Conference review: Higher Education as a Critical Institution – the CHER 2016 Conference
Now that next year abstract deadlines are coming up, it is just about time for reflections of what the conference season had to offer in 2016.
This guest entry is written by Miguel Antonio Lim. He is Lecturer in Education and International Development at the University of Manchester. His research interests include the sociology of evaluation, international higher education, and professional expertise. He has worked on research projects around global university rankings and audit culture in higher education. Miguel has previously been EU-Marie Curie Fellow at Aarhus University and Executive Director of the Global Public Policy Network Secretariat. He has worked for the Asia Pacific Center at Sciences Po-Paris and taught at the London School of Economics.
The 29th Consortium of Higher Education Researchers (CHER) conference took place on the 5th-7th September at Cambridge University around the theme: ‘The University as a Critical Institution?’ While CHER is among the most popular and important research-oriented conferences in the field of higher education, the organizers noted an increased participation at the 2016 conference to almost 200 delegates.

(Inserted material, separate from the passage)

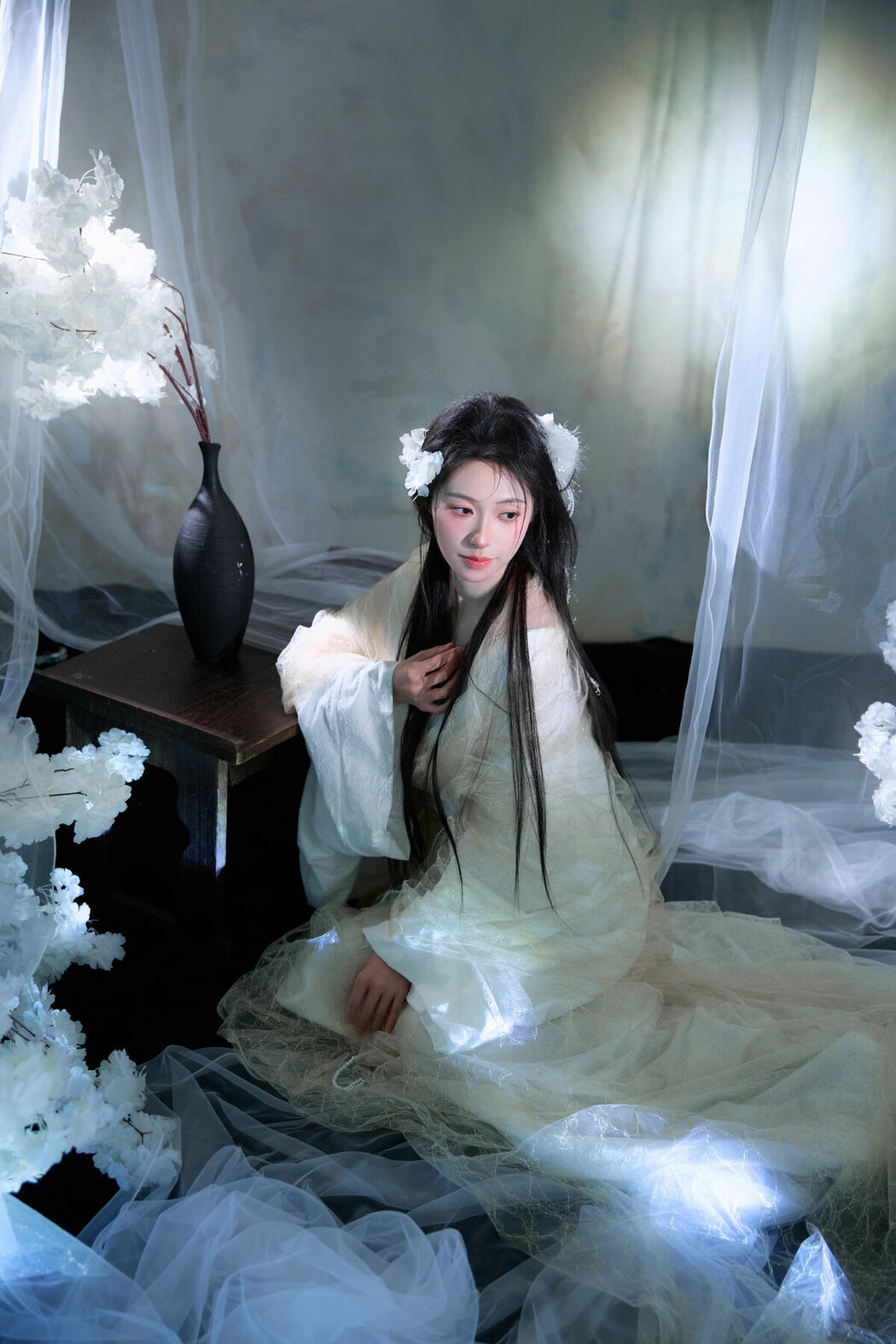 YiTuYu艺图语 Vol.8929 Fen Mian Gu Niang (15P)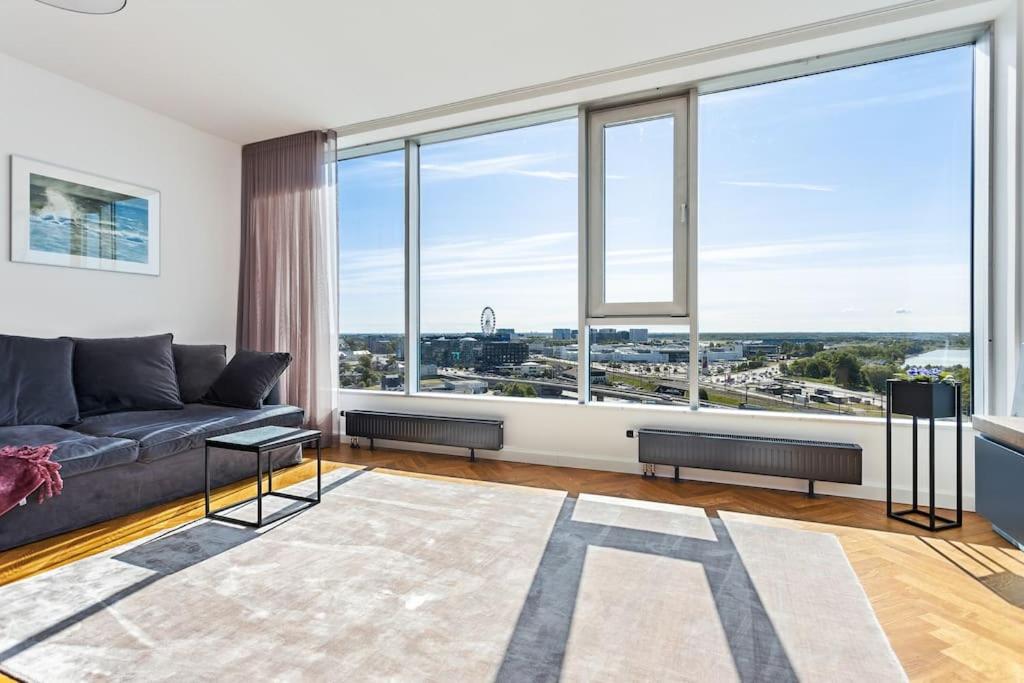 One-Bedroom Apartment photo 3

CHER 2016 was marked by the strong presence of higher education researchers from around the world. There was a babble of languages spoken throughout the coffee breaks. Colleagues working in the UK, Russia, China, the USA, Germany, Italy, and the Nordic countries, among others, presented work about their various regions.
Apart from the geographical breadth of the conference, CHER 2016 also showcased a wide variety of disciplinary and methodological approaches towards the study of higher education. These were particularly apparent in the sessions of the conference in which Sue Wright, an anthropologist, and Vicky Boliver, a social policy scholar (using statistical methods) delivered their keynotes.